Brief Fact Summary. Massachusetts has ordinances regulating the outdoor advertising of tobacco. The tobacco manufacturers argued against it on the ground that it violated the First Amendment.
Synopsis of Rule of Law. A state regulation which proscribes the advertising of smokeless tobacco or cigars within a 1,000 foot radius of a school or playground violates the First Amendment.
Issue. Are the state laws that seek to prevent advertising of cigarettes and smokeless tobacco within a 1,000 foot radius of a school or playground unconstitutional in that they violate the First Amendment?
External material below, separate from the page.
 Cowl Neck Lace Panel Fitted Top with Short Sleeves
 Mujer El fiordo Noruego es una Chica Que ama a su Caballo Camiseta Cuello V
Held. (O’Connor, J.) Yes. A state ordinance that sought to proscribe tobacco advertising within a 1,000 foot radius of a school or playground would violate the First Amendment. The issue is not whether the outdoor advertising regulations in regard to tobacco are justified, but whether the law is a reasonable means to achieve the end sought. This Court is satisfied that the law does not fit the ends of the scheme. It imposes a considerable burden on speech without a corresponding benefit. The area described would make up a large proportion of the urban area of Massachusetts, in terms of physical space and even more in terms of population density. The ban includes not only outdoor advertising but advertising which is visible from the outside, even if such advertising is itself inside a building. The extent of the regulation would mean that in some areas there would be almost a total prohibition on communicating the manufacturer’s views on tobacco and cigarettes to adult consumers. Secondly, the law is too broad in that it does not try to address and prevent those particular practices which make an advertisement attractive to youthful viewers, while allowing others. Instead it bans all advertising. It is true that the state has a genuine and important interest in preventing smoking or use of tobacco products by underage consumers, but this should not take priority over the adult freedom to sell and use tobacco. Manufacturers of tobacco as well as those who sell it have an interest in conveying the truth about their products to adults, and adults are interested in obtaining truthful information about tobacco products. This mutual interest needs to be protected even while the state protects children from advertisements of tobacco products. Thus the Attorney General has failed to make his case that the said regulations are more broad than needed to further the substantial interest of the state in preventing underage use of tobacco products. The appeal is affirmed.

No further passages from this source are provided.